The traditional fact of his giving information to Governor Leyba, in 1779, of the projected invasion, and the offer of aid, has caused this error. The register of the old Catholic church in St. Louis of the funeral obsequies of the persons massacred, furnishes incontestible evidence that the attack was on May 26th, 1780.
Aware that a report of his treasonable conduct had been forwarded to the Governor General at New Orleans, fearful of the consequences, and unable to sustain the scorn and indignation heaped upon him, Governor Leyba died shortly after the attack; having poisoned himself, as the creditable report was. Cartabona, his deputy, performed the functions of the office until the next year, when Don Francisco Cruzat, the predecessor of Leyba, and who had been supplanted by him in 1778, returned and assumed the command a second time.
In a few years after an important change was made in the government of Upper Louisiana, by the appointment of a commandant-general, or governor for that province, and a commandant, or lieutenant-governor for each district.
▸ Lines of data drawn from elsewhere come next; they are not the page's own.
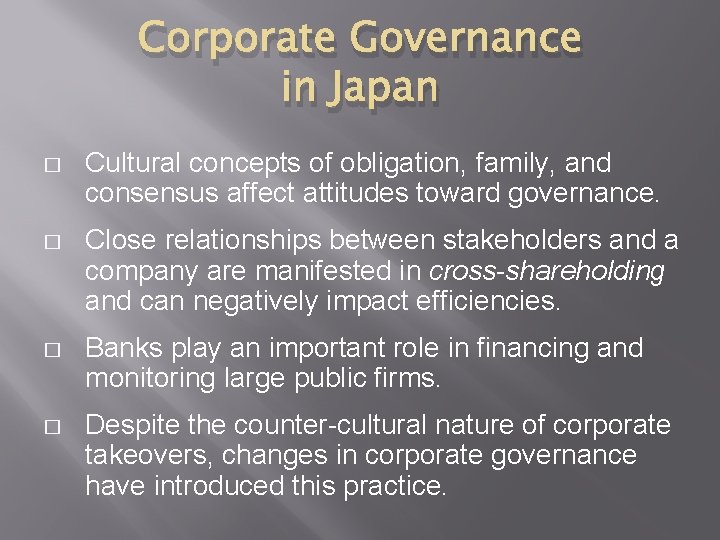 Corporate Governance in Japan � Cultural concepts of obligation, family, and consensus affect attitudes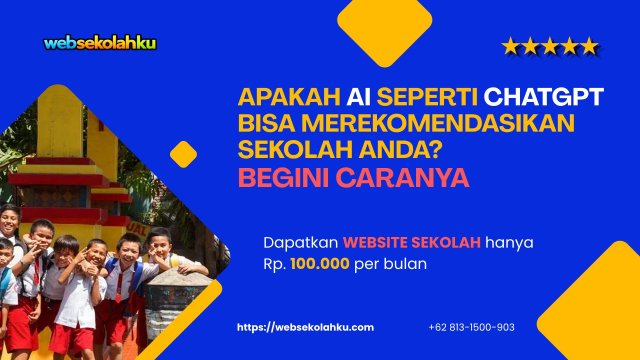 Apakah AI Seperti ChatGPT Bisa Merekomendasikan Sekolah Anda? Begini Caranya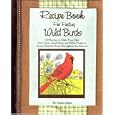 Recipe Book for Feeding Wild Birds by Deana Jager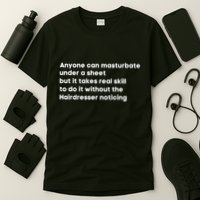 Anyone Can Masturbate Under A Sheet But It Takes Real Skill To Do It T-Shirt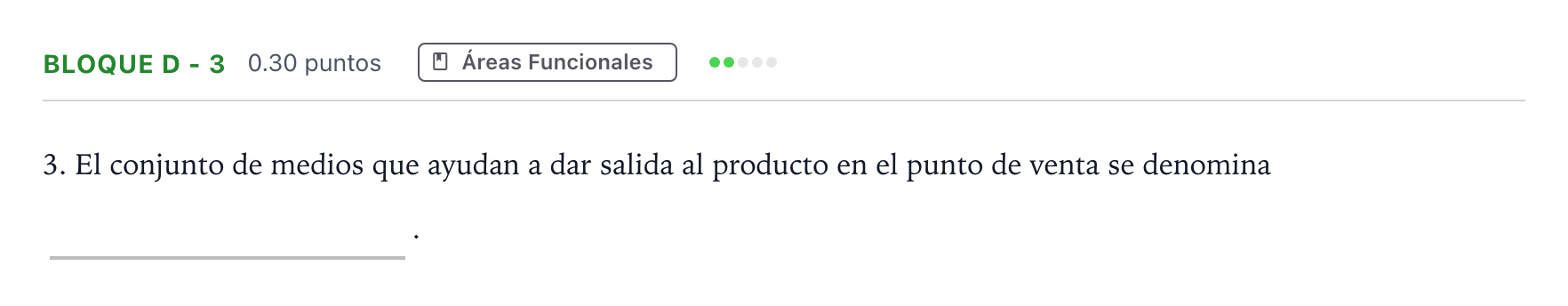 Enunciado: Bloque D - 3 · Economía de la Empresa PAU Andalucía Ordinaria Suplente 2023
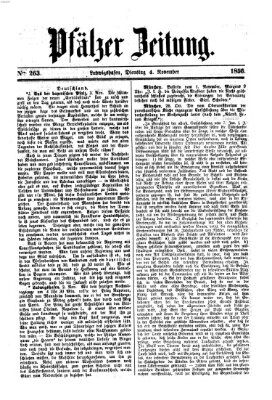 Pfälzer Zeitung Dienstag 4. November 1856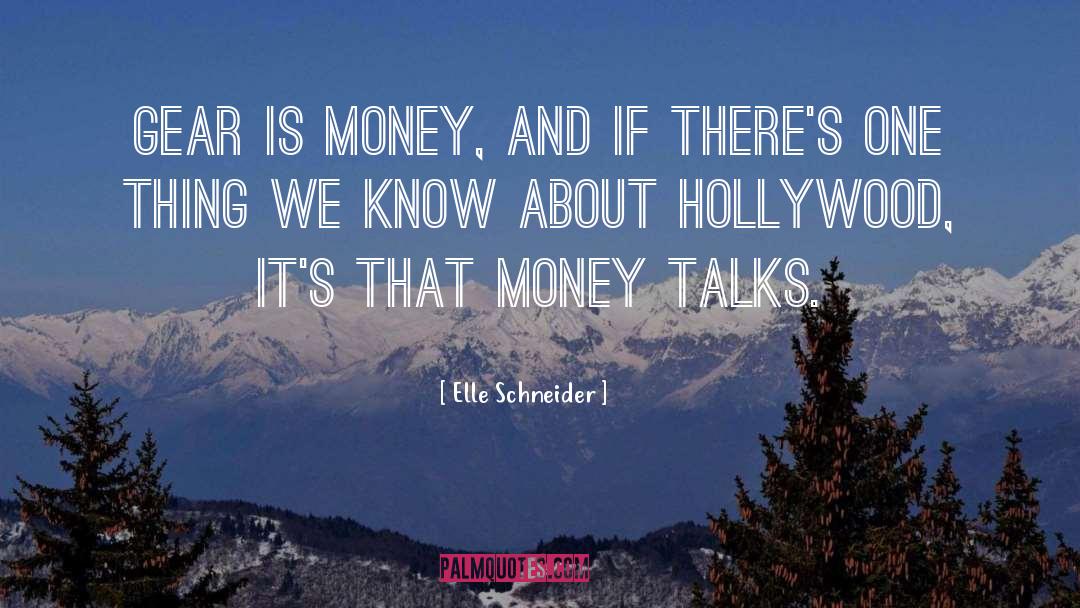 Elle Schneider Quotes: Gear is money, and if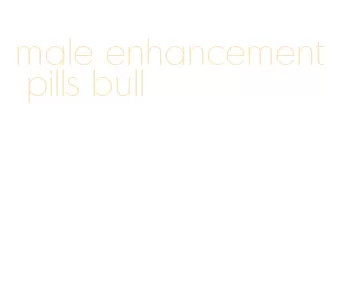 male enhancement pills bull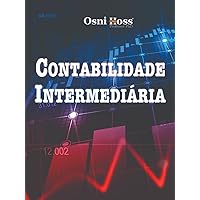 Contabilidade Intermediária (Contabilidade Direto ao Ponto) (Portuguese Edition) Contabilidade Intermediária (Contabilidade Direto ao Ponto) (Portuguese Edition) Kindle Paperback Hardcover
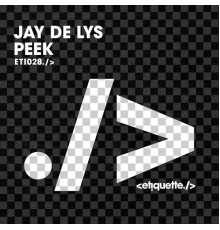 Jay de Lys - Peek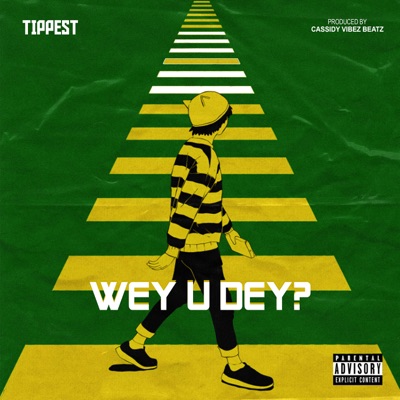 WEY U DEY? (2024 Remastered Version) - Single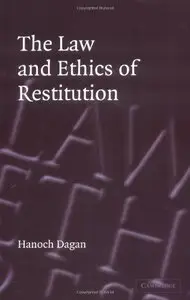 The Law and Ethics of Restitution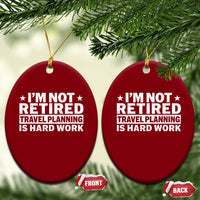 Im Not Retired Travel Planning Is Hard Work Ceramic Ornament Funny Vacation Retirement Gift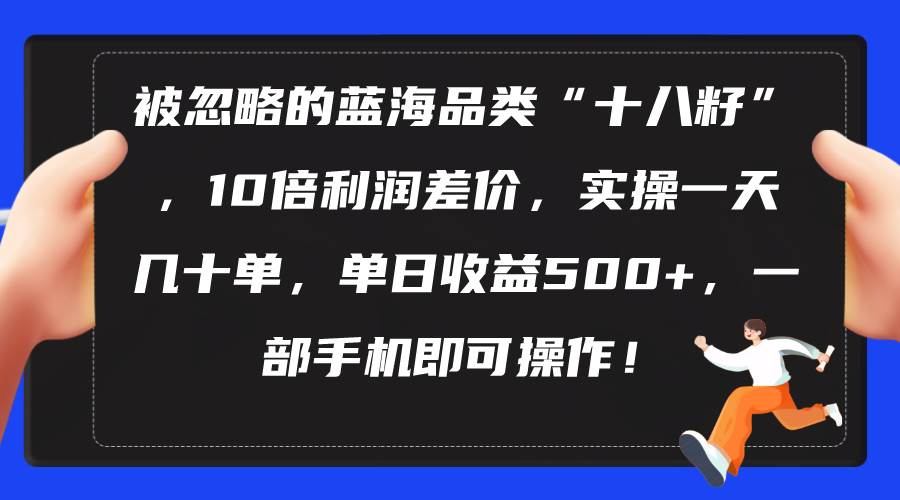 被忽略的蓝海品类“十八籽”，10倍利润差价，实操一天几十单 单日收益500+创业之家-网创项目资源站-副业项目-创业项目-搞钱项目创业之家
The commandant-general was Don Carlos Dehault Delassus, and the lieut. governor of St. Louis district was an intelligent French gentleman of liberal principles, M. Zenon Trudeau.
We have given these facts of St. Louis history to explain why so many Americans had settled in the province before Father Clark made his first visit.
The attack on St. Louis from Canada, the detection of the meditated invasion by Colonel Clark, and the friendly intercourse between the French citizens of St. Louis and those of Illinois, induced the authorities of Louisiana to encourage the immigration of Americans from the United States to the Upper province. To this intent a movement was made by Don Guardoqui, Spanish minister to the government of the United States at Philadelphia, as early as 1787, when he proposed a plan of emigration from the western settlements to the country from Arkansas to the settlements on the Missouri.[43] Instructions were given to the commandants regulating the grants of land, and the conditions of admitting this class of immigrants. Instructions were issued by Gayoso, commandant-general, the first of January, 1798, from which we give an extract.[44] No settler was to be admitted in the province who was not a farmer or mechanic.
Of course practically, this included all who came. The sixth article provided for a limited degree of toleration to Protestants.
“Liberty of conscience is not to be extended beyond the first generation; the children of the emigrants must be Catholics.” [This of course required their baptism in the Catholic form, but it was not enforced.] “Emigrants not agreeing to this, must not be admitted, but removed, even when they bring property with them. This is to be explained to settlers, who do not profess the Catholic religion.”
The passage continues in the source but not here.